Weighing such trade-offs is something that individuals and families can
do for themselves. It is when such decisions are made by politicians —
of whatever party — that trade-offs tend to vanish into thin air,
replaced by pursuit of a “good thing.”
Beginning in the 1990s, getting a higher proportion of the American
population to become homeowners became the political holy grail of
government housing policies. Increasing homeownership among minorities
and other people of low or moderate incomes was also part of this
political crusade.
Because banks are regulated by various agencies of the federal
government, it was easy to pressure them to lend to people that they
would not otherwise lend to — namely, people with lower incomes, poorer
credit ratings, and little or no money for a conventional down payment
of 20 percent of the price of a house.
Such people were referred to politically as “the underserved
population” — as if politicians know who should and who shouldn’t get
mortgages better than people who have spent their careers making
mortgage-lending decisions.
But, in politics, power trumps knowledge. Banks whose mortgage-loan
approval rates for “the underserved population” did not match the
prevailing preconceptions found that they could not get government
regulatory agencies to approve their business decisions on opening new
branches or enlarging their financial operations, the way competing
banks did when those competing banks met the lending quotas set by the
government.
If meeting those quotas required lowering the standards for granting
mortgage loans, that was often considered a lesser evil than having
government regulators stalling or vetoing the business decisions
necessary for competing in the financial markets.
While Democrats spearheaded this crusade, Republicans joined in as
well. The George W. Bush administration, for example, urged Congress to
pass the American Dream Downpayment Initiative, which subsidized the
down payments of prospective home buyers whose incomes were below a
certain level.
Who could be against “the American dream” of homeownership or so
mean-spirited as to ask how much it would cost the taxpayers or what
risks it would create for the whole financial system? Certainly not
most Democrats or Republicans in Congress or the White House.
The media were also part of this crusade for more homeownership, more
widely available. If some segments of the population did not own homes
as much as others, that just showed that there was something wrong with
the mortgage-lending process, as far as editorial-office philosophers
were concerned.
As the St. Louis Post-Dispatch put it, “Lending institutions are being
far more conservative than they have to be in determining the
creditworthiness of minorities.”
Later, disastrous default rates and foreclosure rates among “the
underserved population” who had been given mortgage loans to satisfy
government quotas suggest that the old-fashioned mortgage
qualifications that had been pooh-poohed in editorial offices had more
basis than the crusades of politicians and the press.

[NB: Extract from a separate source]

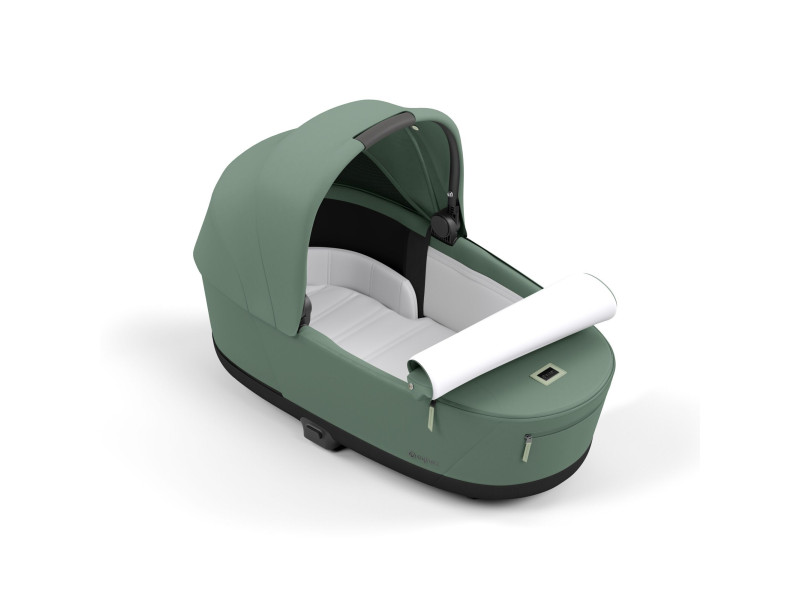 Люлька Cybex Priam Lux R Leaf Green, Фото 4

There are many other complications covered in The Housing Boom and
Bust. But behind all the complexities was a very simple fact: Monthly
mortgage payments by millions of home buyers were what provided the
money for the banks, the financial institutions that bought mortgages
from the banks, and the Wall Street firms that created sophisticated
securities based on those mortgages.
Riskier mortgage-lending practices, imposed by government, were what
set the stage for many mortgage payments to stop and thus for the
financial disasters that followed. Political rhetoric, echoed in the
media, seeks to obscure that painfully plain fact.
— Thomas Sowell is a senior fellow at the Hoover Institution.
© 2009 CREATORS SYNDICATE, INC.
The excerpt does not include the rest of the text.